Als Erfolg gilt die Einsicht von Trump, die Nahost-Krise lasse sich eben doch nicht an einem Nachmittag lösen. Trump ist in der Realpolitik angekommen, doch es ist ein mühsamer Lernprozess eines US-Präsidenten aus Sicht deutscher Diplomaten.

Doch nicht nur Trump sorgt für Diskussionen. Vier der sieben Staats- und Regierungschefs im G7-Kreis sind neu. Es könnte also Überraschungen geben, ob der eine oder andere weltpolitische Novize von der Politik seines Vorgängers abrückt. Neben Trump sind erstmals der Gipfel-Ausrichter, Italiens Ministerpräsident Paolo Gentiloni, der französische Präsident Emmanuel Macron und die britische Premierministerin Theresa May dabei. Am längsten im Amt sind die seit 2005 regierende Bundeskanzlerin und Japans Ministerpräsident Shinzo Abe. Kanadas Premierminister Justin Trudeau regiert seit 2015.

Merkel kann hier ihre weltpolitische Erfahrung ausspielen. Umso mehr, als sie mit drei gewonnenen Landtagswahlen im Rücken anreist. Nicht jeder gratuliert ihr wie Trump nach der Landtagswahl im Saarland per Telefon persönlich. Aber international wird schon beobachtet, dass Merkel wahrscheinlich ab dem kommenden September ihre vierte Amtszeit antritt und damit eine feste Größe auf der Bühne der Weltpolitik bleibt.

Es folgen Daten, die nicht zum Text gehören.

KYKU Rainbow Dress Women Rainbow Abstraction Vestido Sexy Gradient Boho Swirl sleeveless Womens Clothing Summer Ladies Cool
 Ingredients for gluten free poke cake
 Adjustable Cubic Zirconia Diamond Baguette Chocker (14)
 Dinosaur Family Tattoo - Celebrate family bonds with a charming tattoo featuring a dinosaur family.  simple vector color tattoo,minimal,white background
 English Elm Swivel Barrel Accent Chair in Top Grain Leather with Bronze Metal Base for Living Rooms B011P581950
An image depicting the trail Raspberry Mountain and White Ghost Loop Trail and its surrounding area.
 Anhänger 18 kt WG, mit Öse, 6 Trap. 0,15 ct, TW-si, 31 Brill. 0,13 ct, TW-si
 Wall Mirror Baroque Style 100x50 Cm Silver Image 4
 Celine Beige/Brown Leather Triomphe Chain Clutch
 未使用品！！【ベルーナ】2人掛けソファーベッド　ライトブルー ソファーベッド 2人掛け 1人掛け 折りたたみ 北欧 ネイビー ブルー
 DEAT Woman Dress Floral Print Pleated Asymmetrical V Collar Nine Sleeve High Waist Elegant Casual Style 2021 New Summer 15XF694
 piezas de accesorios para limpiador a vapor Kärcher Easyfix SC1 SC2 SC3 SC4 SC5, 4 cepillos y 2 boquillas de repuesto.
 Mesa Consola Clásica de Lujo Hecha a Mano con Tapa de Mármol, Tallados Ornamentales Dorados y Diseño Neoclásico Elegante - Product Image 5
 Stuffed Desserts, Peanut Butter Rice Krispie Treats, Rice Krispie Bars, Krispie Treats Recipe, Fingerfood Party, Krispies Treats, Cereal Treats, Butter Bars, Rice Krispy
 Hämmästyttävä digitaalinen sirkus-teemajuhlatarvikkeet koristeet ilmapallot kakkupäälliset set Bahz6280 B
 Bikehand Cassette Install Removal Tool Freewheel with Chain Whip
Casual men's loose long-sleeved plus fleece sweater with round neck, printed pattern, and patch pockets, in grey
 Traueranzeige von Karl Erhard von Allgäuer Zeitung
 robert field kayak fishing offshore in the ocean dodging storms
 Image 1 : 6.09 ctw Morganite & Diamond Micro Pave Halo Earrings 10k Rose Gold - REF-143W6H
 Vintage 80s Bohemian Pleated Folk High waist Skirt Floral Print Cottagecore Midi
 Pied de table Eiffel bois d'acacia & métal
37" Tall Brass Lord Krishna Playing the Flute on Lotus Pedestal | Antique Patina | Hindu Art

Bereits in sechs Wochen findet der G20-Gipfel in Hamburg statt. Da kommen alle Themen, angefangen von der Klimapolitik bis hin zum Freihandel, wieder auf den Tisch. Für Merkel ist der G7-Gipfel deshalb trotz aller Widrigkeiten wichtig. Die Kanzlerin muss abseits der strittigen Fragen Gemeinsamkeiten ausloten, etwa in der Entwicklungs-, der Gesundheits- und der Frauenpolitik. Kurz vor der Bundestagswahl will die Kanzlerin Ergebnisse und nicht nur schöne Bilder produzieren.